BIRTH: A Hard Day's Night (1964)

Honorable mention: Rio Bravo, M*A*S*H, American Graffiti, California Split

When Quentin Tarantino first coined the term for hangout movies, he pointed to the John Wayne classic Rio Bravo as a prime example. For my money, though, I'd much rather spend an hour-and-a-half with my buddies in A Hard Day's Night. The Beatles' first foray into motion pictures is a film that -- to use a euphemism -- is rich with incident. One of its taglines describes it as "action-packed," which must be a joke: if A Hard Day's Night is packed with action, it is of the shaggiest variety, using precision editing to turn a movie about nothing into a locomotive powered by pure charisma.
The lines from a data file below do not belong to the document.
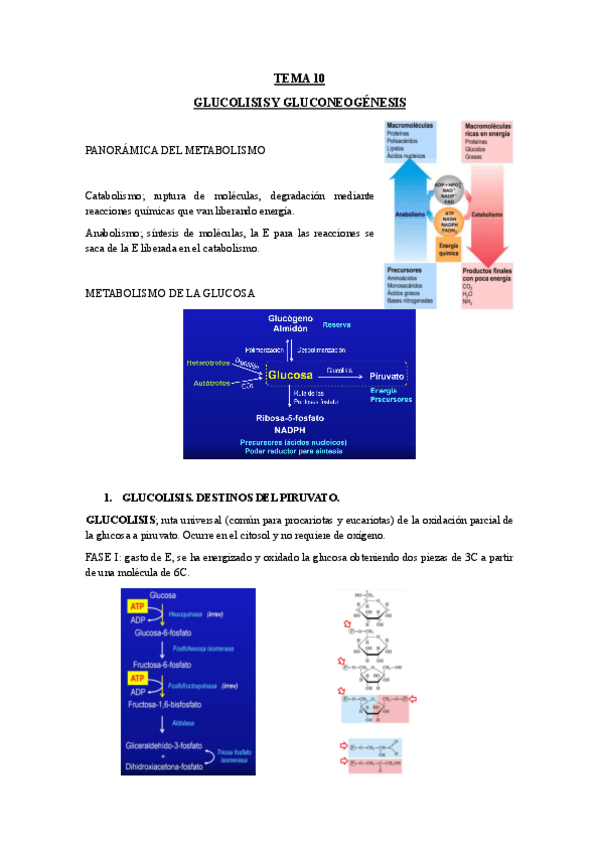 Miniatura del documento TEMA-10-GLUCOLISIS-Y-GLUCONEOGENESIS.pdf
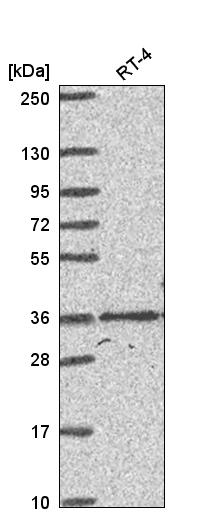 Anti-HOXC4 Antibody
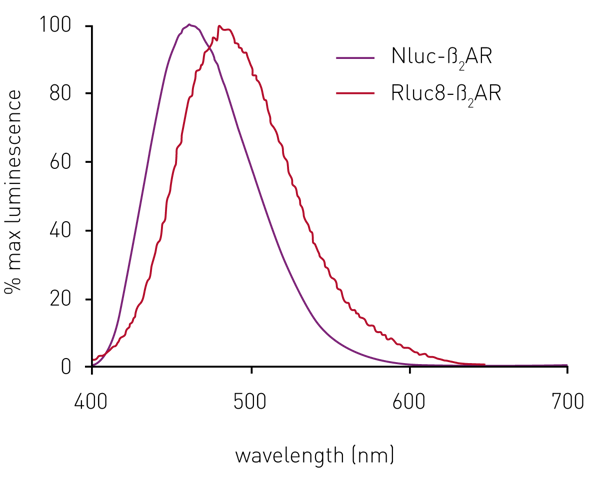 Fig. 2: Normalised emission spectra of HEK293 cells expressing ß2AR. N-terminally labelled with either Nluc (blue) or Rluc8 (red) using the CLARIOstar. Data previously published in Stoddart et al.3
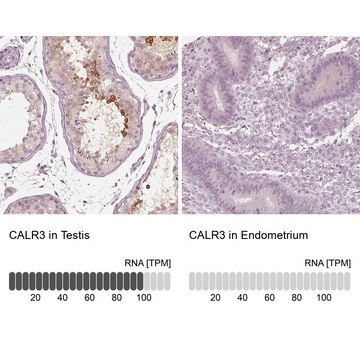 Anti-CALR3 antibody produced in rabbit Prestige Antibodies&#174; Powered by Atlas Antibodies, affinity isolated antibody, buffered aqueous glycerol solution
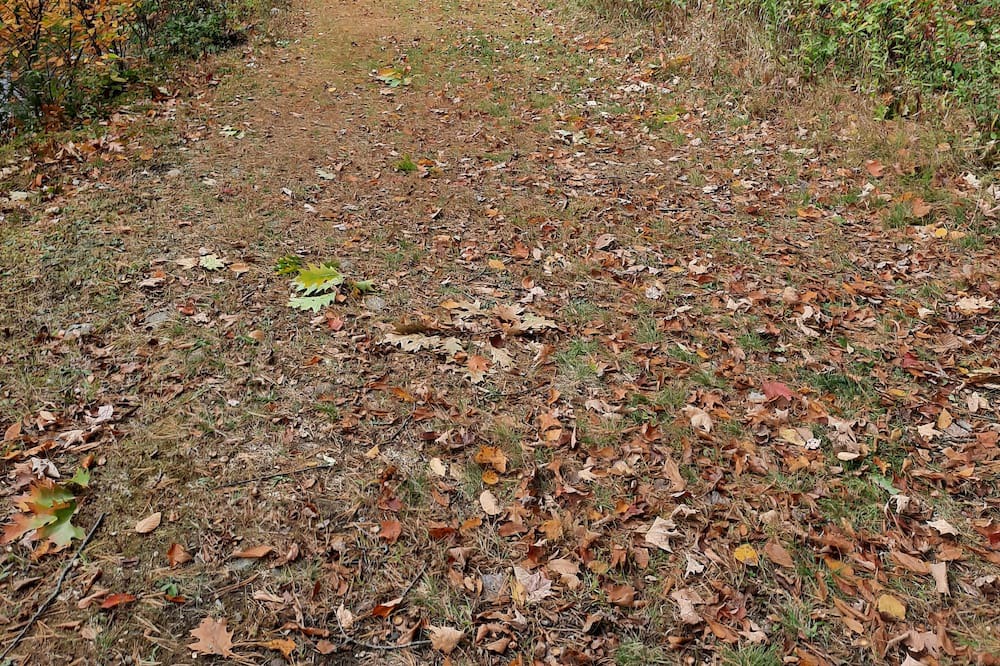 Photo of Others in Genesee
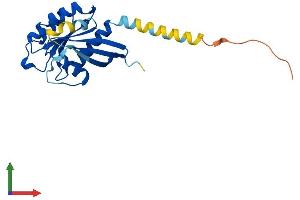 AlphaFold protein structure predicition of Mouse Recombinant Rab15 Protein, UniprotID Q8K386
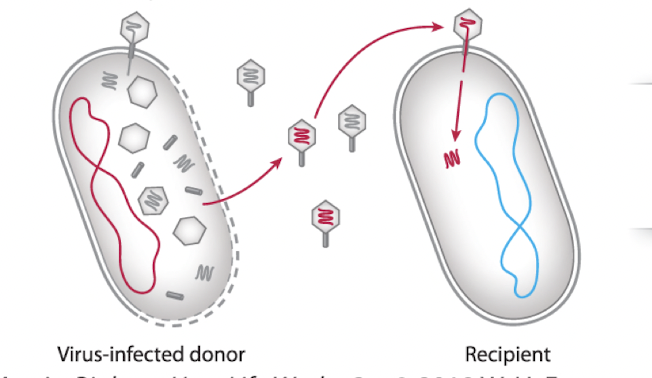 transferred through a virus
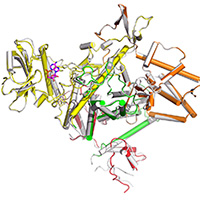 Discovery provides path to pathogen-targeted antibiotics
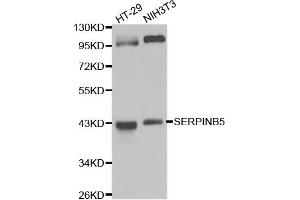 Western blot analysis of extracts of various cell lines, using SERPINB5 antibody (ABIN5970525) at 1/1000 dilution. (SERPINB5 anticorps)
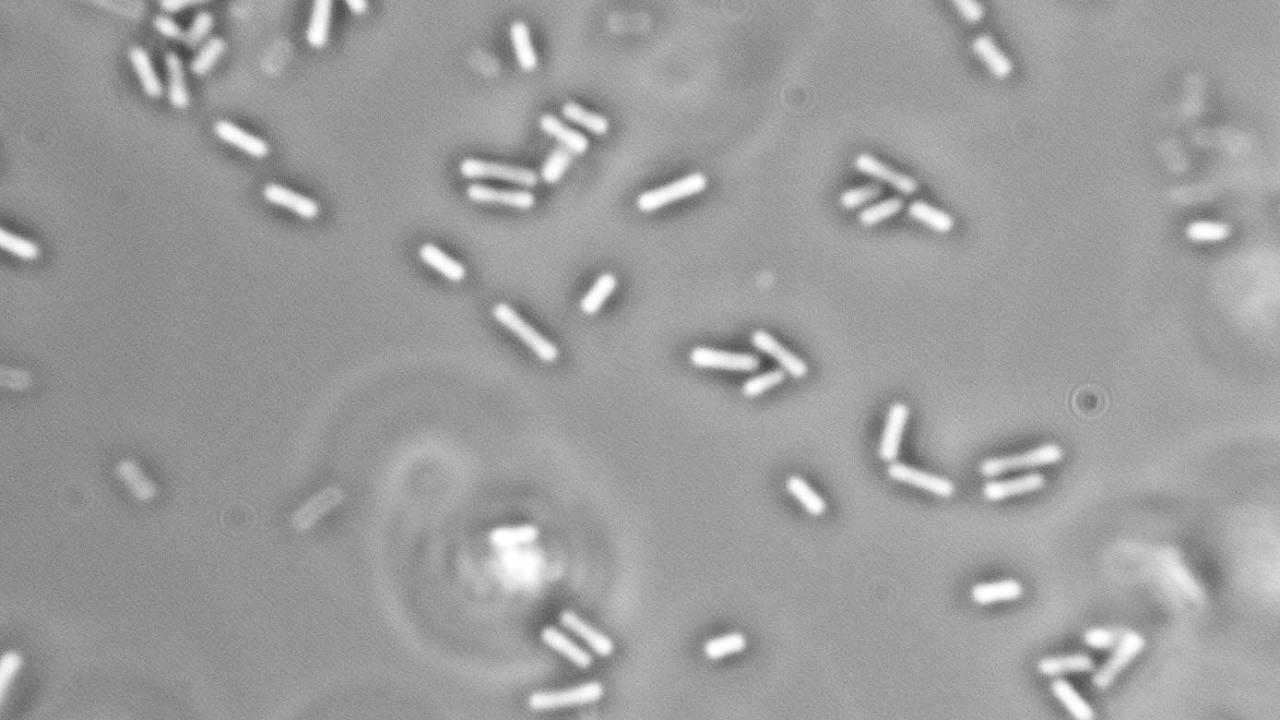Bacteria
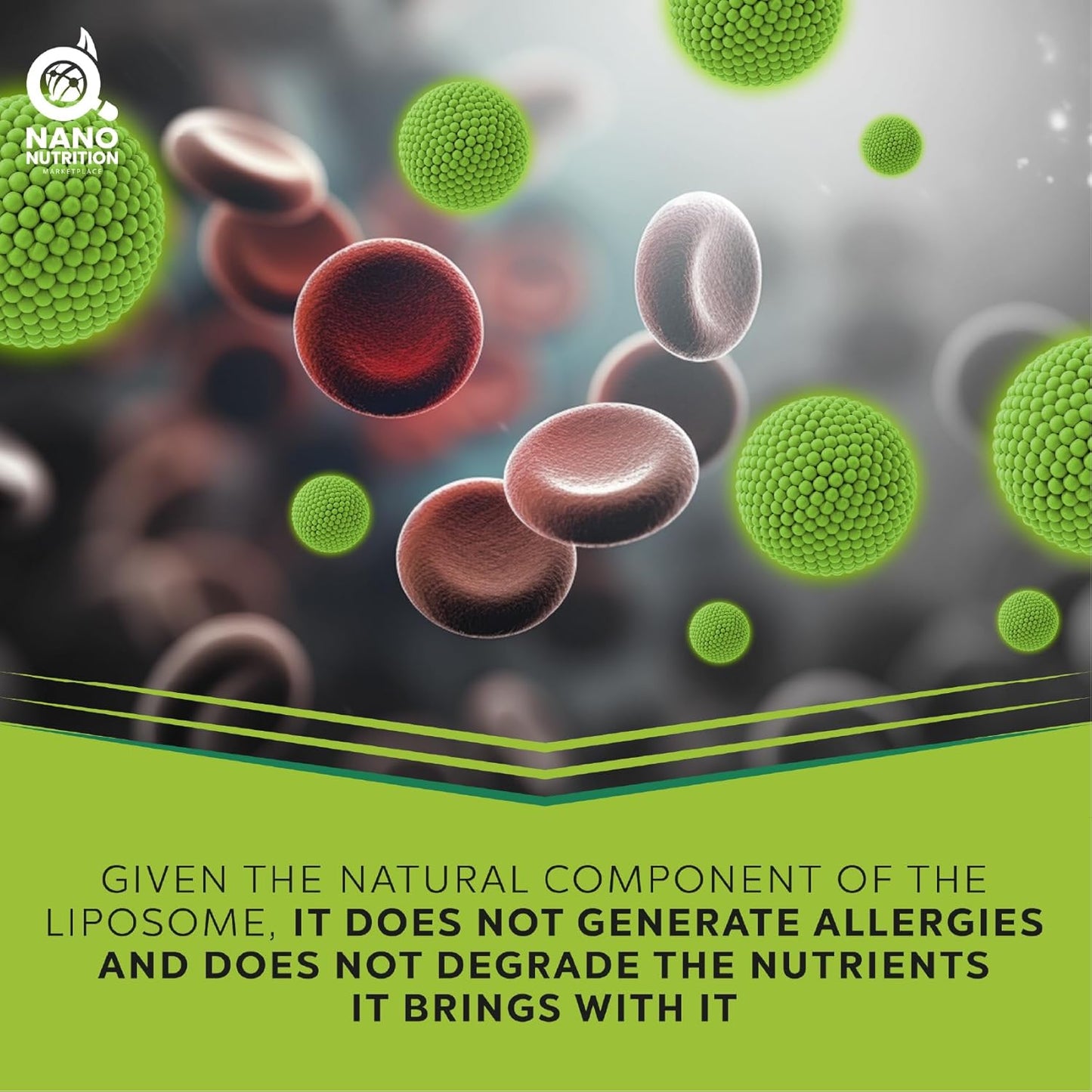 Liposomal Nanotechnology Coenzyme Q10 Supplement - 100% Natural Ingredients - 16 Fl. Oz. - 32 Servings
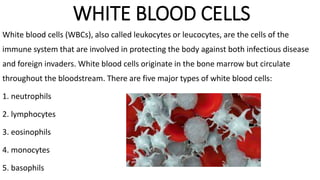 WHITE BLOOD CELLS
White blood cells (WBCs), also called leukocytes or leucocytes, are the cells of the
immune system that are involved in protecting the body against both infectious disease
and foreign invaders. White blood cells originate in the bone marrow but circulate
throughout the bloodstream. There are five major types of white blood cells:
1. neutrophils
2. lymphocytes
3. eosinophils
4. monocytes
5. basophils
 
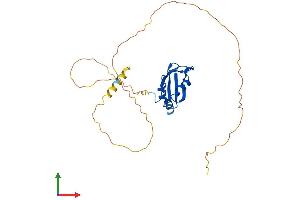 AlphaFold protein structure predicition of Human Recombinant RBM7 Protein, UniprotID Q9Y580 (RBM7 Protein (AA 1-266) (His tag))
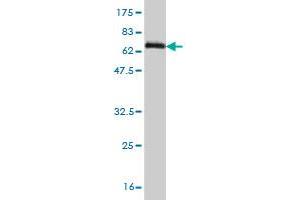 Western Blotting (WB) image for anti-Dual Specificity Phosphatase 4 (DUSP4) (AA 1-394) antibody (ABIN515105)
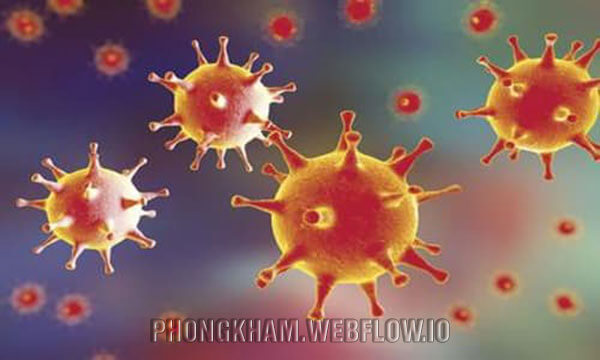 Virus HSV là gì? Xét nghiệm HSV ở đâu Hà Nội tốt nhất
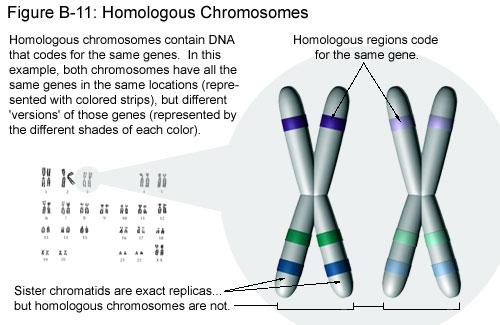 Genes at corresponding locations do not have to be different; when they are different, it s called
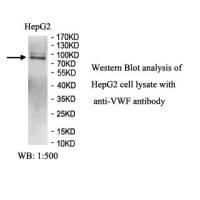 VWF Antibody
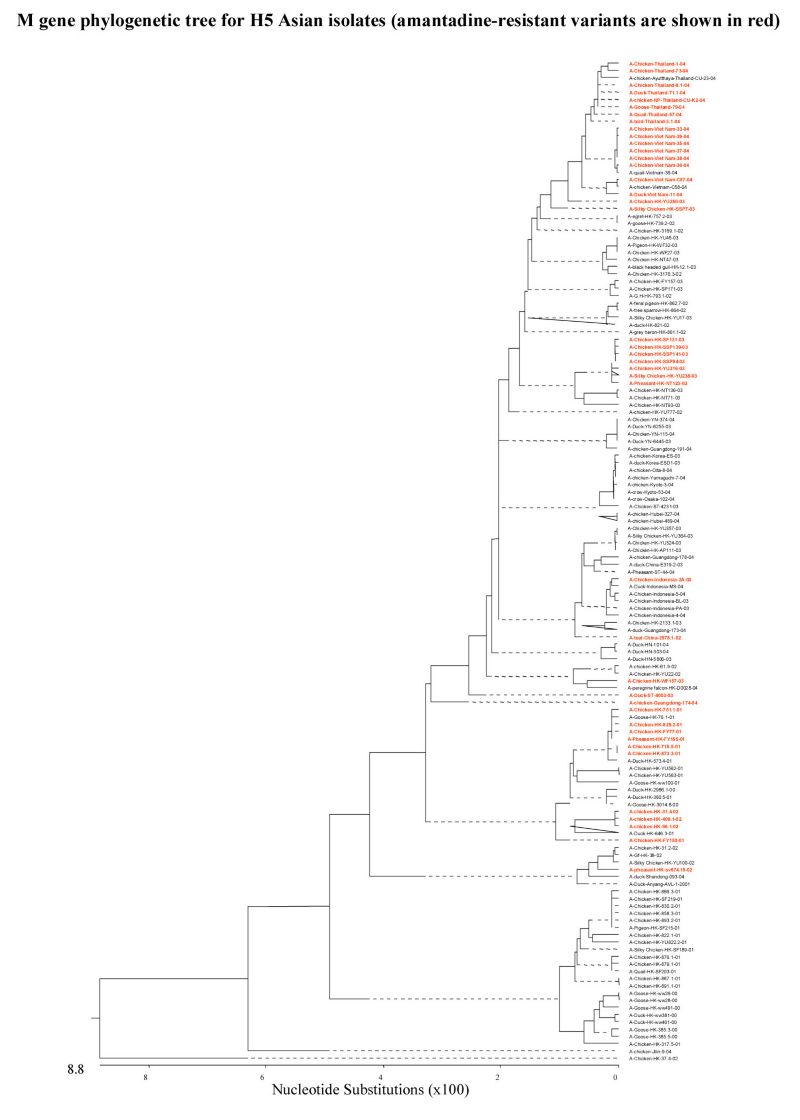 M gene phylogenetic tree for H5 Asian isolates (amantadine-resistant variants are shown in red)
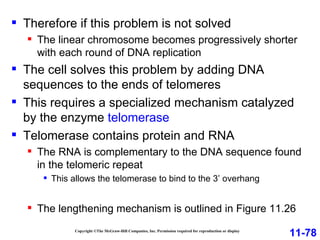Copyright ©The McGraw-Hill Companies, Inc. Permission required for reproduction or display Therefore if this problem is not solved The linear chromosome becomes progressively shorter with each round of DNA replication The cell solves this problem by adding DNA sequences to the ends of telomeres This requires a specialized mechanism catalyzed by the enzyme  telomerase Telomerase contains protein and RNA The RNA is complementary to the DNA sequence found in the telomeric repeat This allows the telomerase to bind to the 3’ overhang The lengthening mechanism is outlined in Figure 11.26 11-78 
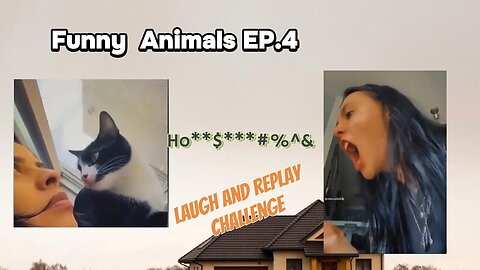 Funny Animal Viral videos ep#4 - Ultimate LOL: Hilarious Cats and Dogs That Will Melt Your Heart! 😂🐾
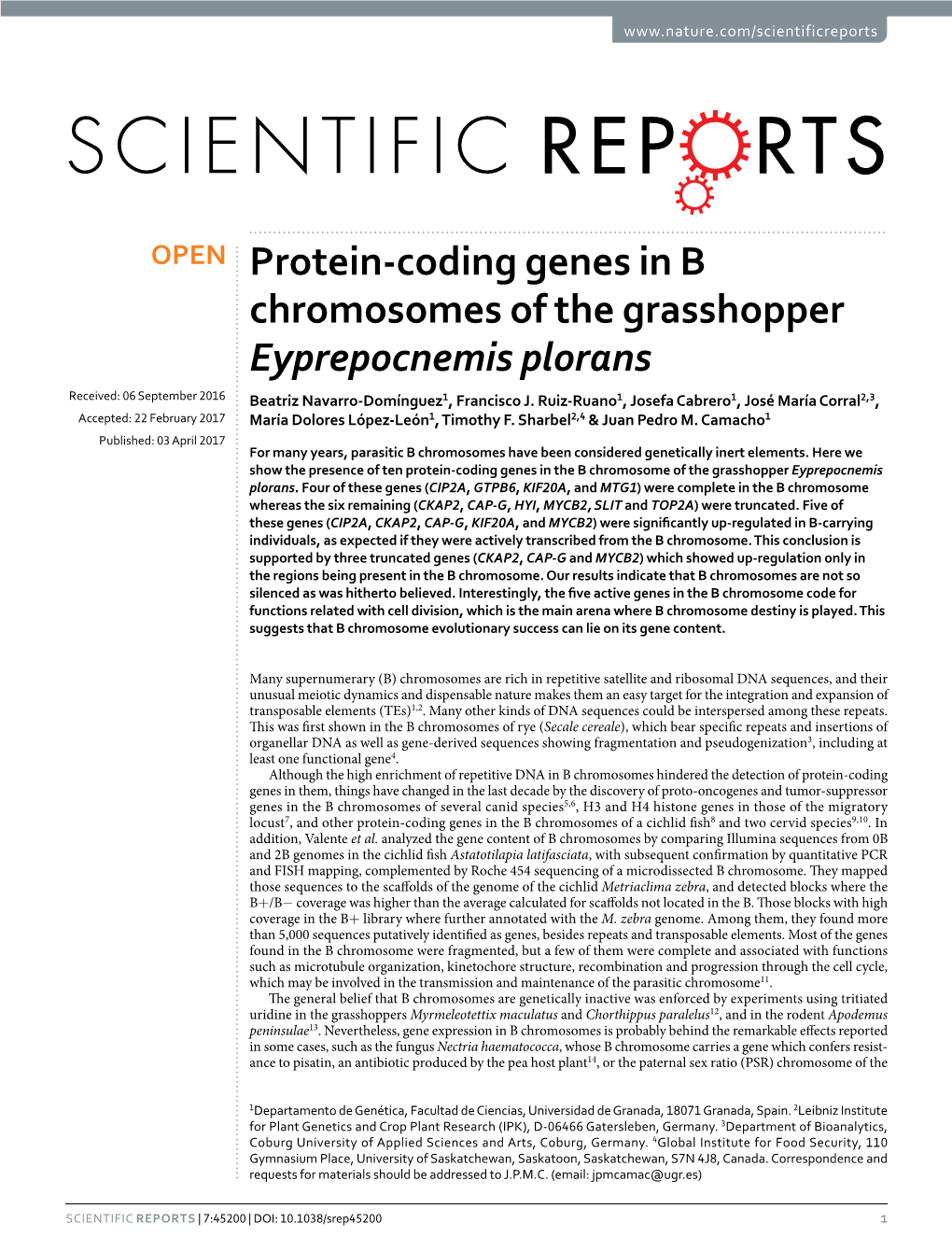 Protein-Coding Genes in B Chromosomes of the Grasshopper Eyprepocnemis Plorans Received: 06 September 2016 Beatriz Navarro-Domínguez1, Francisco J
John, Paul, George and Ringo star as themselves, getting ready for a TV performance, and beset on all sides by roving gangs of hysterical fans. Beyond the madcap energy of scenes showing the lovable lads from Liverpool fleeing hordes of admirers, A Hard Day's Night really lives in its more low-key moments, such as a trickily-worded scene where Lennon denies who he is to a dubious fan, reaching an almost "Who's on First?"-level comedic rapport. Nothing much happens in A Hard Day's Night, but the movie's almost absurdly winsome.

DEVELOPMENT: Beautiful Girls (1996)

Honorable mention: Diner, Swingers, The Big Lebowski, SLC Punk!, High Fidelity, Ghost World

While A Hard Day's Night sails along on a wave of likability, hangout movies don't need to have their characters be infallible. Case in point: the men that make up the main cast of Beautiful Girls are all, to one degree or another, emotionally stunted goobers who have, if nothing else, regressed in the 10 years since they graduated high school. The Generation X answer to baby boomer love song The Big Chill, Beautiful Girls follows struggling musician Willie (Timothy Hutton) as he returns to his small town for a high school reunion. There, he reconnects with his old friends as they fall back into their old, dopey ways, and continue to have the faintest of clues about how to treat women as equals.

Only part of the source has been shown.